New Delhi: As global investors shift focus from India to the stock exchanges of China, Taiwan, South Korea and Brazil, there was some bad news for Indian markets on Wednesday.
In a reflection of bearish investment sentiment and growing concerns about the pace of reforms in India, HSBC on Wednesday cut its rating of Indian shares to “underweight” from “overweight”, saying markets were over-owned at a time when earnings were expected to slow and the scope of interest rate cuts were diminishing. The downgrade to underweight is the first by a major foreign bank since Indian shares began a rally last year that culminated with the NSE and BSE indexes hitting record highs in early March.
The downgrade comes at a time when foreign investors have sold nearly $2.2 billion worth of cash shares in the last 16 sessions, excluding Japan’s Daiichi Sankyo’s block sale of Sun Pharmaceutical Industries shares.
The shine has come off Indian markets over the past few weeks as anger over minimum alternate tax (MAT) claims against FIIs badly hit sentiment at a time of rising volatility in global markets. Worries about the slowing pace of reforms have also contributed to the falls.
On Tuesday, despite initial claims about the GST Bill being passed by the Rajya Sabha, the government backed down and referred the matter to a Select Committee, delaying by a few months one of the biggest tax reforms of recent times. The situation was no different for the Land Acquisition Bill, which will now go to a Joint Committee of Parliament where it will be debated and perhaps amended. Although HSBC did not refer to the reforms process or it being stalled in its note, it recommended investors cut their positions in India. “India remains one of the most over-owned markets in Asia, but earnings growth is slowing and there is little room for further rate cuts,” HSBC said in its note.
That marks a reversal of the heavy foreign buying of Indian shares since 2014 that had made the country “the most liked” among emerging markets, according to a Citigroup note this week. Global investors are now shifting their funds to emerging markets such as China, South Korea and Taiwan.

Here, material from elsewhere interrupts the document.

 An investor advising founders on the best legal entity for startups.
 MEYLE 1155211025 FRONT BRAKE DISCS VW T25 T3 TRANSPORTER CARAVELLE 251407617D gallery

In a related development, global rating agency Moody’s said Indian PSU banks will need years to improve their credit profiles. “A longer time-frame is needed for the credit profiles of public-sector banks to improve, because their asset quality is tied to the slow, multi-year recovery of corporate balance sheets and the lagging recognition of associated credit costs,” Moody’s Vice President & Senior Credit Officer Srikanth Vadlamani said in a report.
The overall debt servicing metrics of Indian corporates are weak, which exhibit very high debt levels and will require years to improve, he said. Improvement in credit profiles of Indian public-sector banks, which account for more than 70% of total banking system assets in India, will be achieved only in the medium-term, given their high levels of impaired loans and weak capital positions, the report said. “The improvement in the asset quality of Indian public sector banks for the fiscal year ended March 31 was marginal and much weaker than we had expected at the start of the same year,” said Vadlamani.